— What you have to do —
Take the line containing "White-tailed Deer - Doe" and each line after it through the end of the data below, and return them exactly, minus any pictures.

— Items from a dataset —

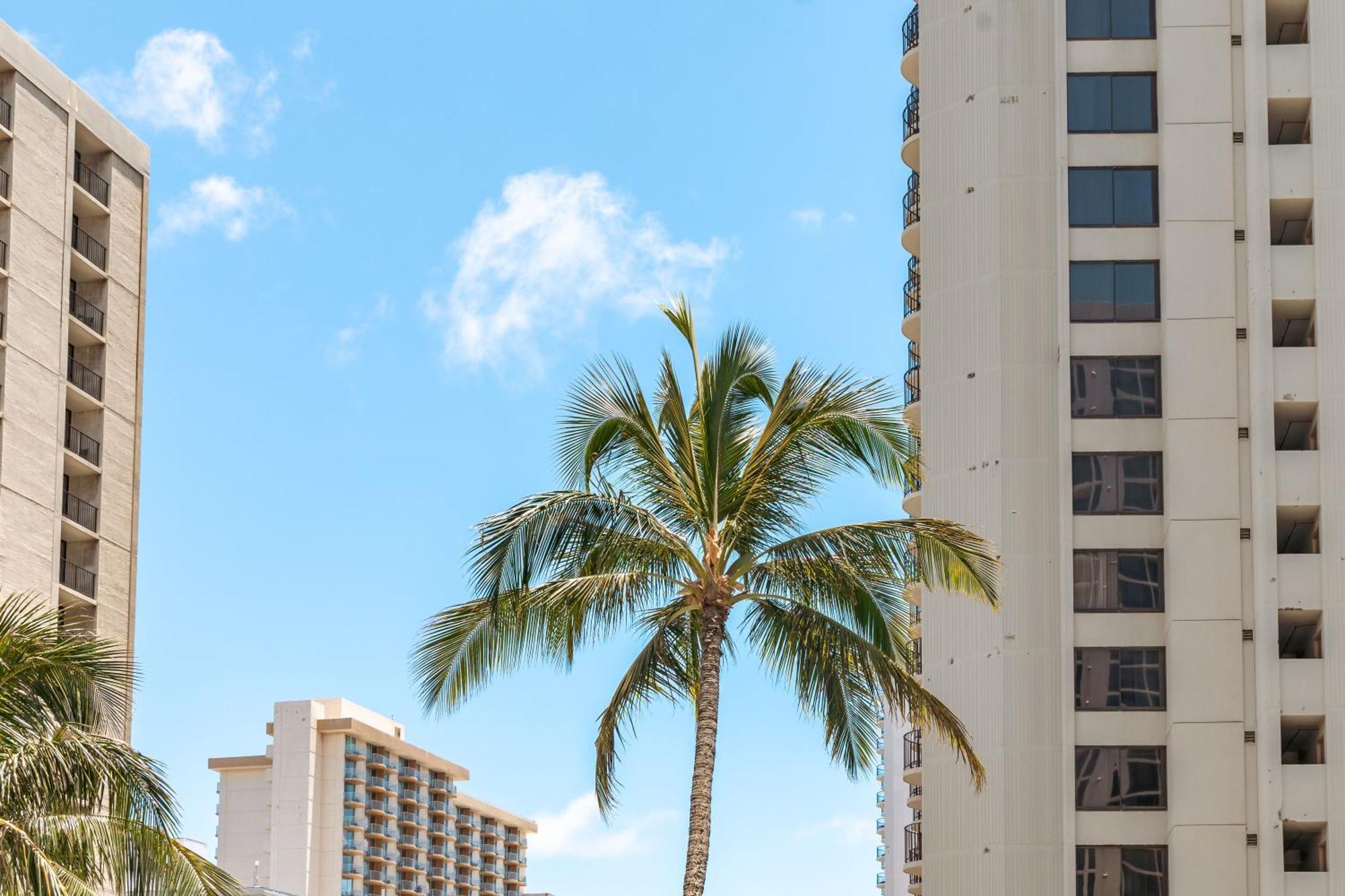 Ferienwohnung Upscale Penthouse With Ocean Views - Free Parking Honolulu Exterior foto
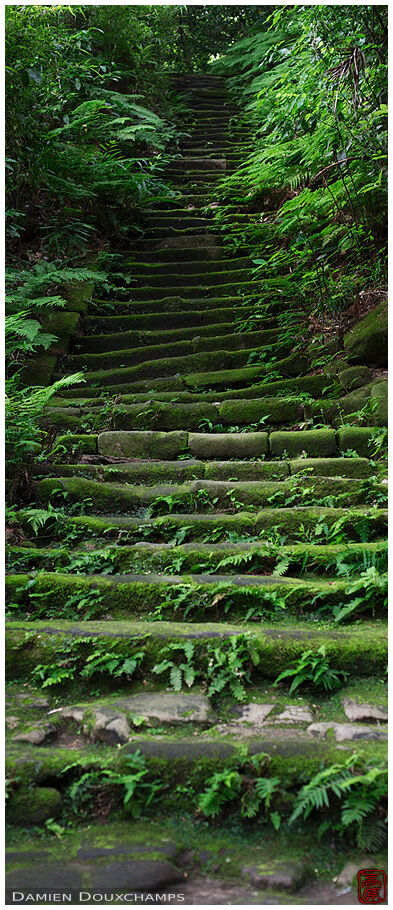 Old moss covered stairs in forest, Zuisen-ji temple, Kamakura, Japan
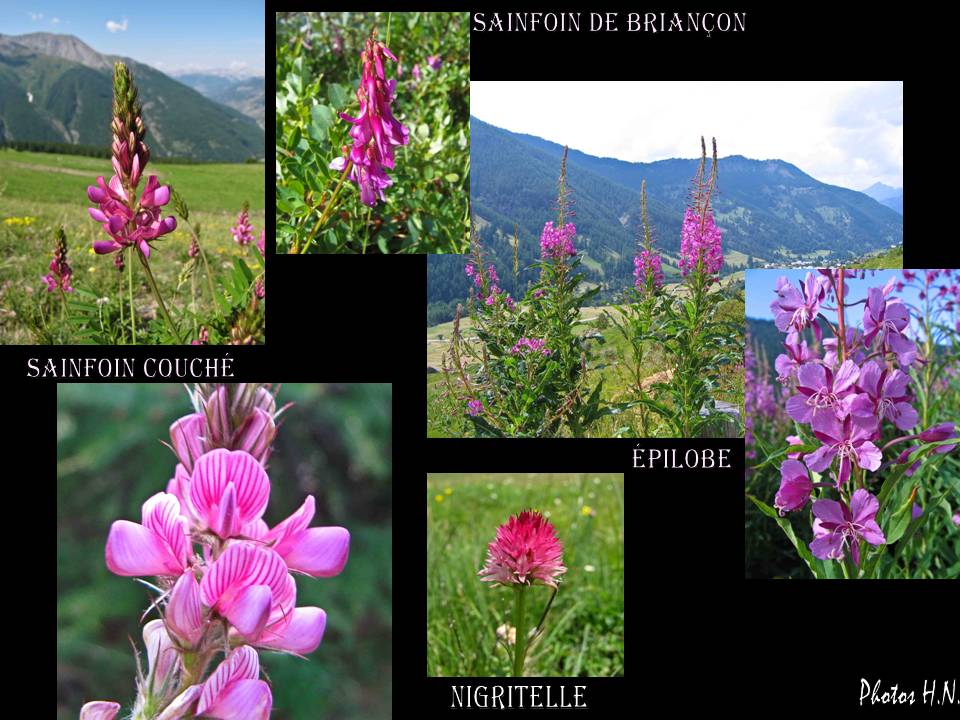 MONTAGE SAINFOIN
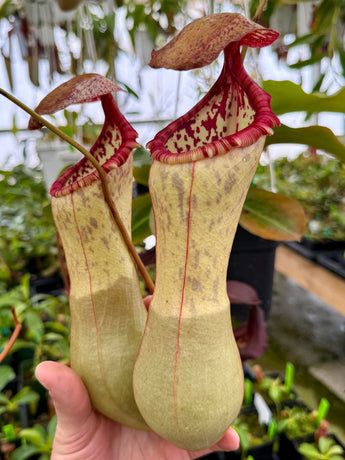 Nepenthes clipeata x ventricosa *ROOTED CUTTINGS*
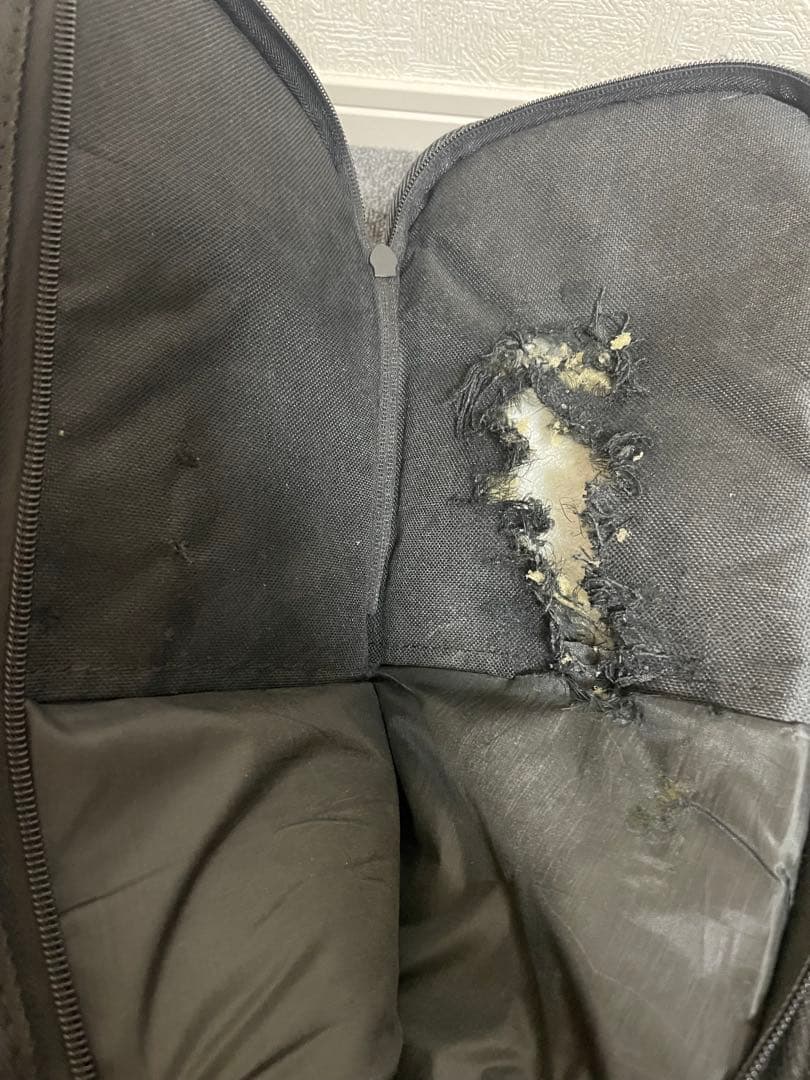 ギター fender Japan Telecaster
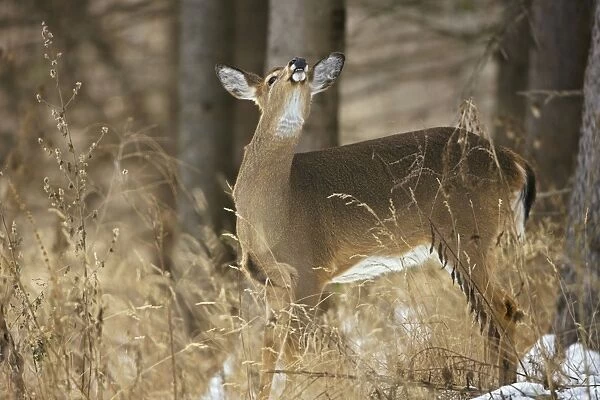 White-tailed Deer - Doe - In the snow - Found over much of the U. S. -southern Canada and Mexico and introduced elsewhere in the world - Lives in forests-swamps and open brushy areas nearby- The most important big game mammal in the eastern U. S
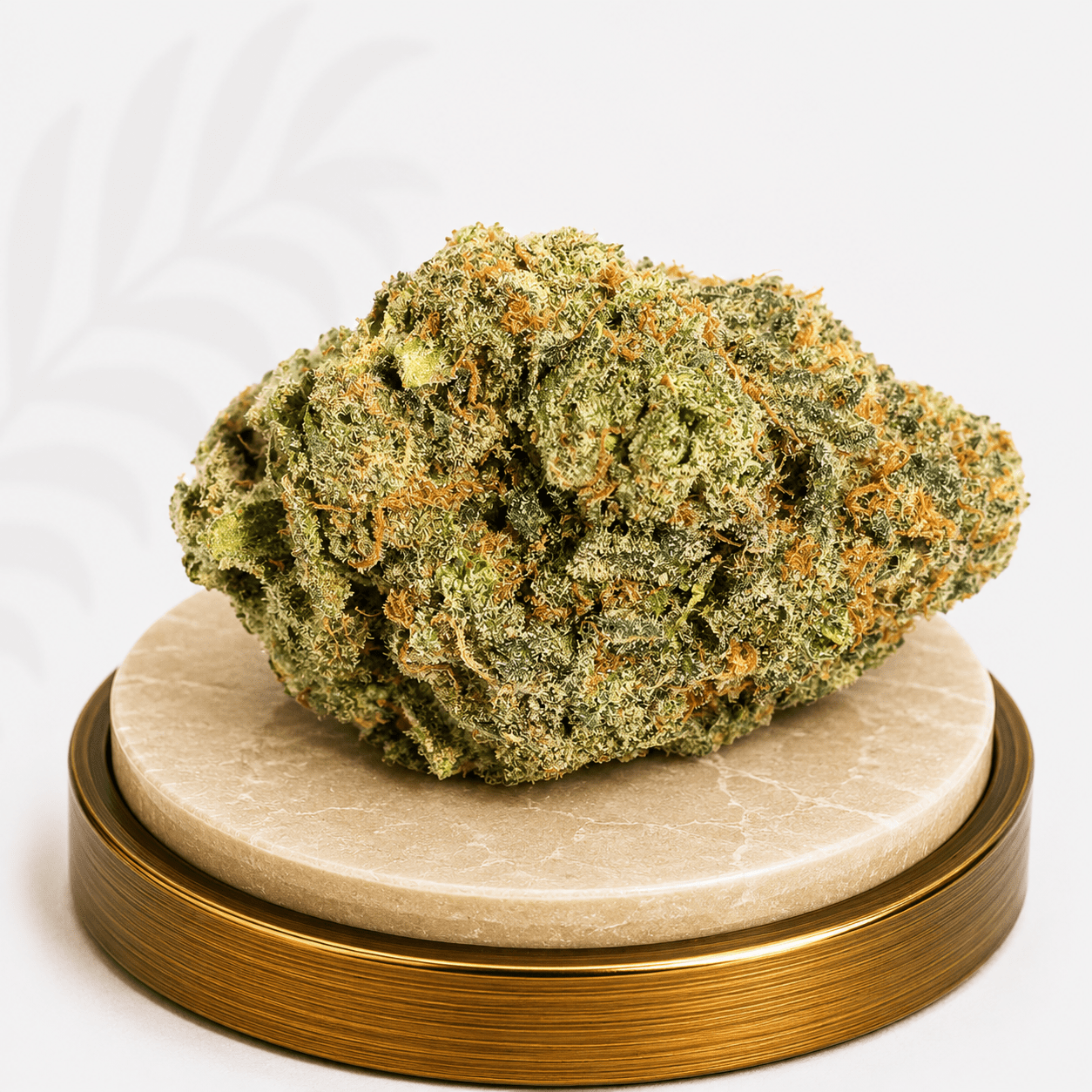 Standard Greenhouse Blackberry Hybrid 17% THC - Four20SA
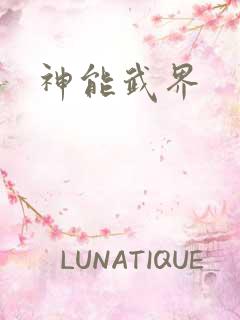 神能武界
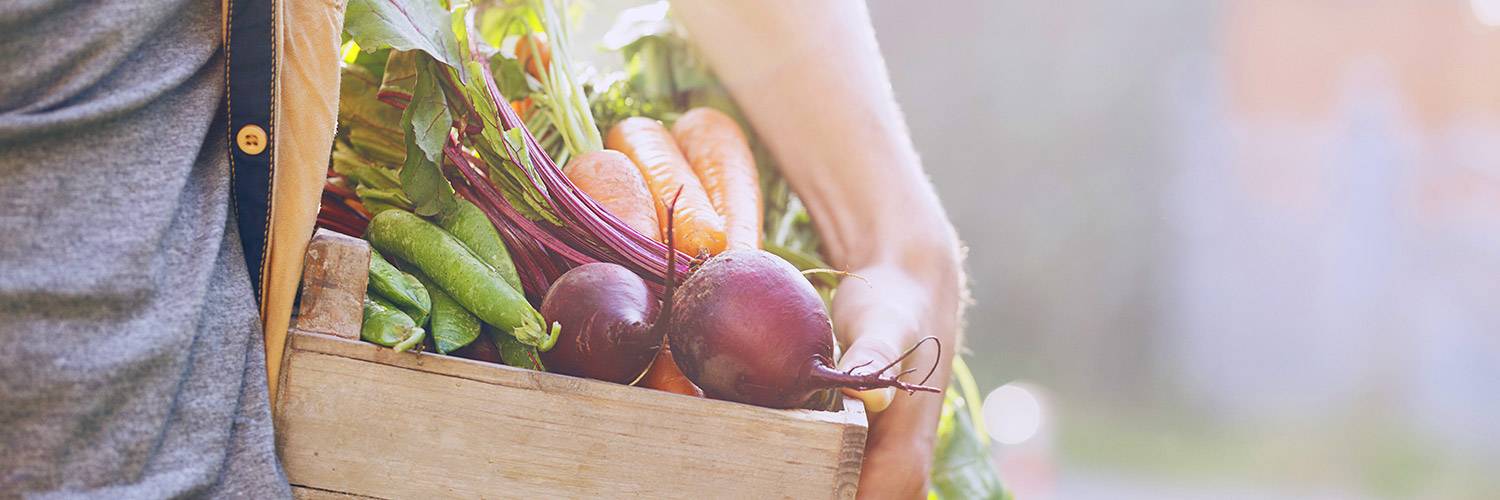 homme portant un panier de légumes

— Written answer —
 White-tailed Deer - Doe - In the snow - Found over much of the U. S. -southern Canada and Mexico and introduced elsewhere in the world - Lives in forests-swamps and open brushy areas nearby- The most important big game mammal in the eastern U. S
 Standard Greenhouse Blackberry Hybrid 17% THC - Four20SA
 神能武界
 homme portant un panier de légumes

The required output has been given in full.